▸ **Task statement**: Every line below from the one containing "female finals italy junior kata team" through the one containing "2018 Volvo XC90" is to be printed exactly, with the pictures omitted.

[[ Records supplied open ]]

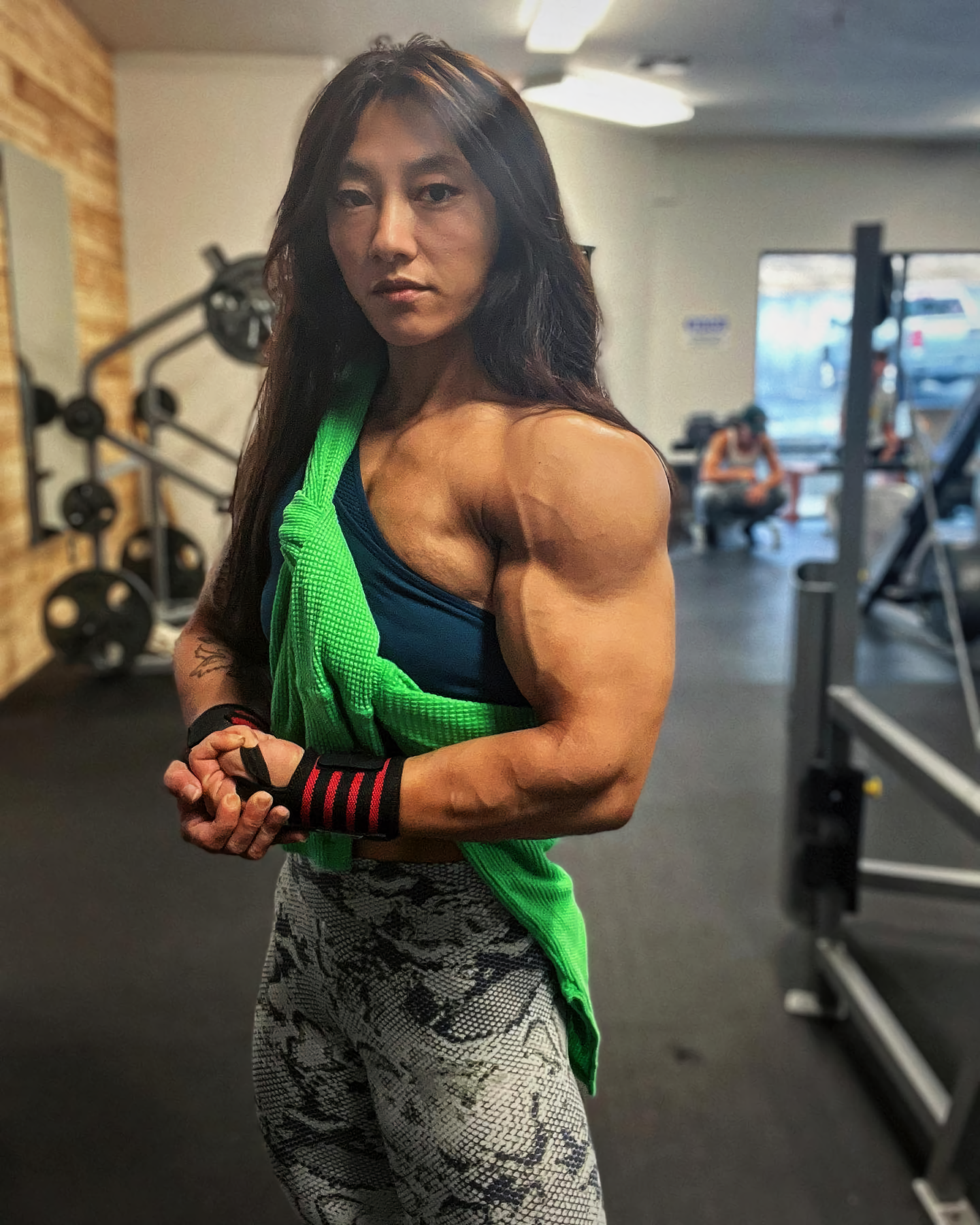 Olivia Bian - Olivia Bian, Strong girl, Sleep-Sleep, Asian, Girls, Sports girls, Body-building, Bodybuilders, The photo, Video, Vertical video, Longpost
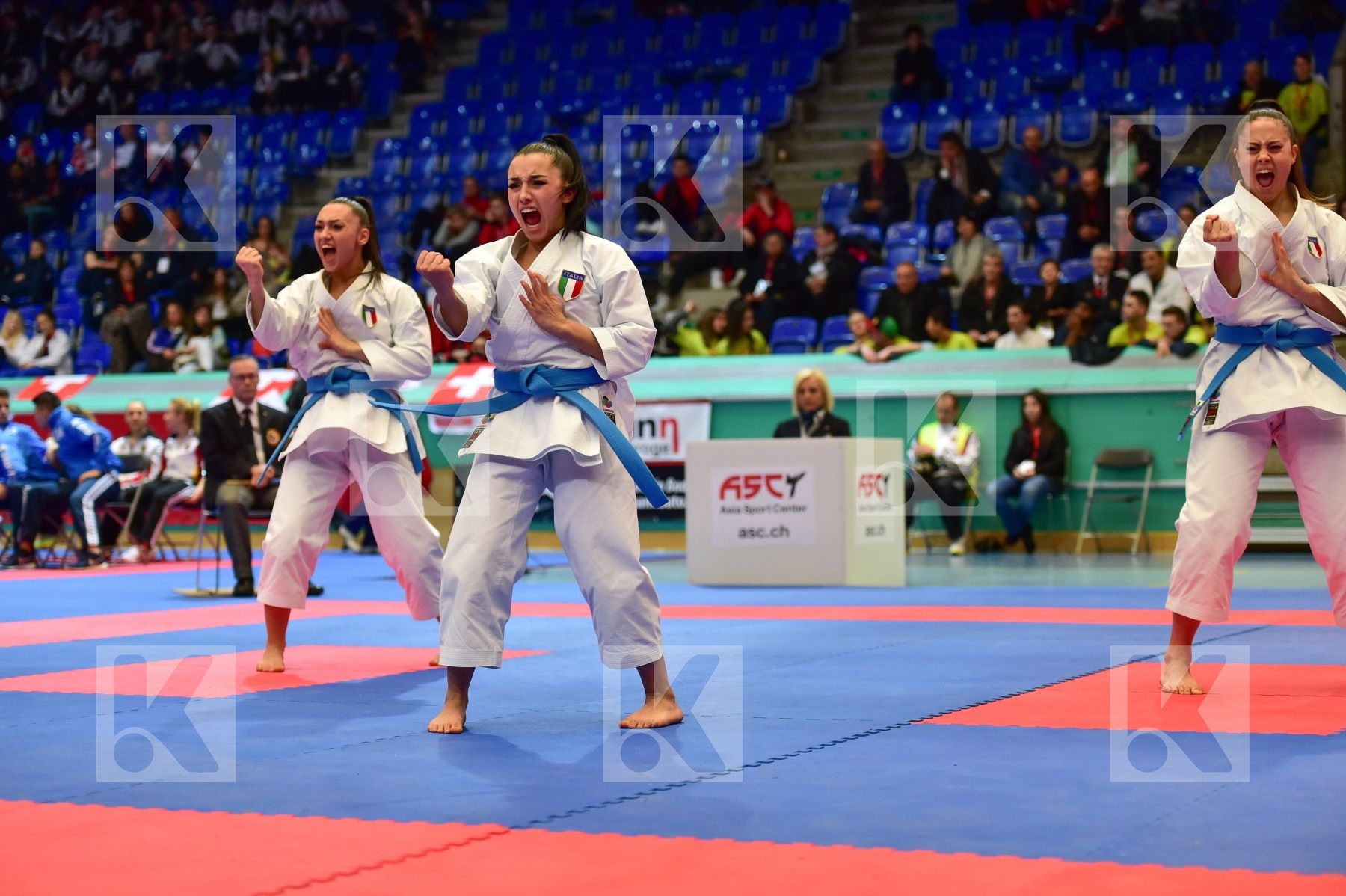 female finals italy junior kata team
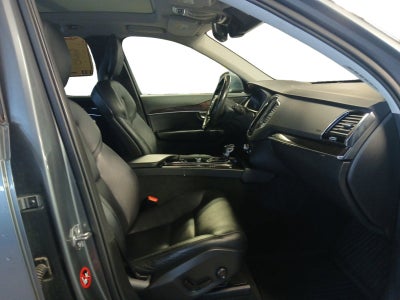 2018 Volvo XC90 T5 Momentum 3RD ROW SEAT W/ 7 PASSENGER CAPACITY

[[ Records supplied closed ]]
[[ Records supplied open ]]

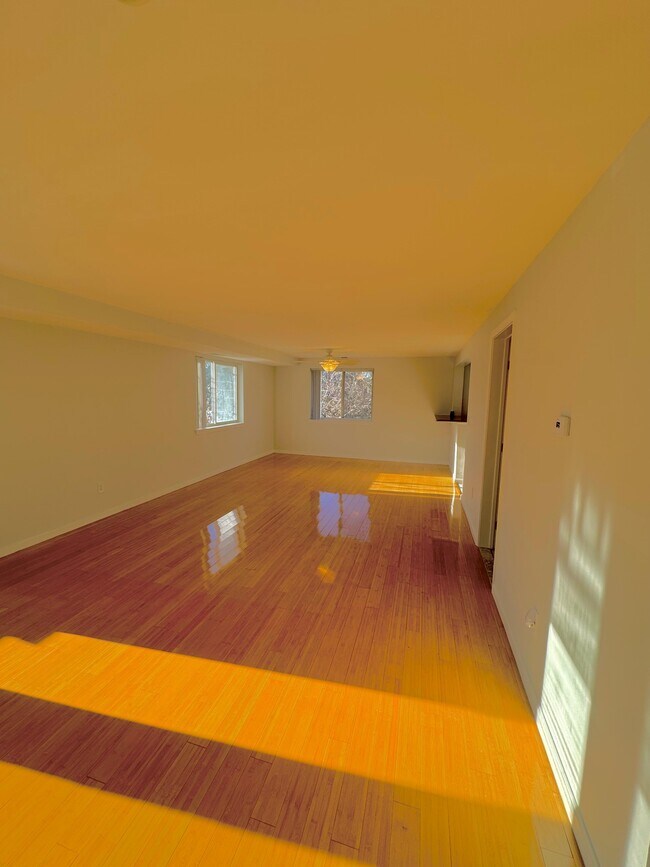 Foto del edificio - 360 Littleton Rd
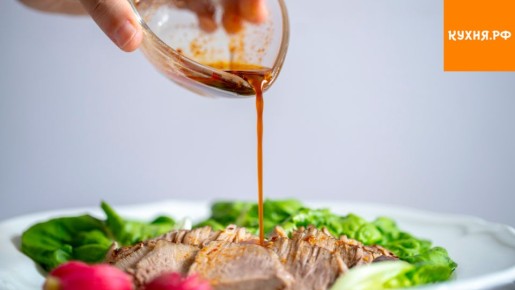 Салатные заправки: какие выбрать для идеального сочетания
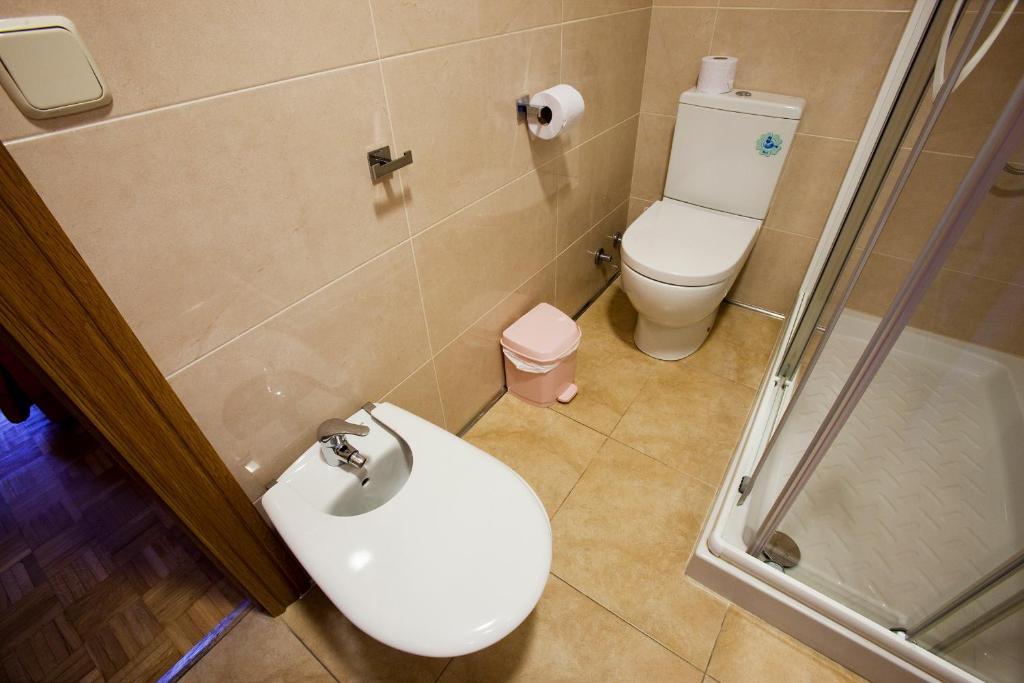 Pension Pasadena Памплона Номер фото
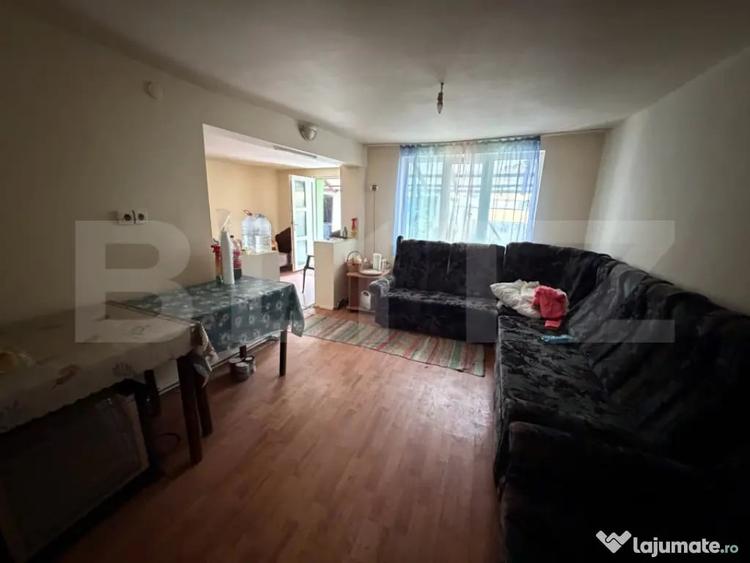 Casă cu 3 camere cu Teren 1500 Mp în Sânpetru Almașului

[[ Records supplied closed ]]

▸ **Exercise response**:
 female finals italy junior kata team
 2018 Volvo XC90 T5 Momentum 3RD ROW SEAT W/ 7 PASSENGER CAPACITY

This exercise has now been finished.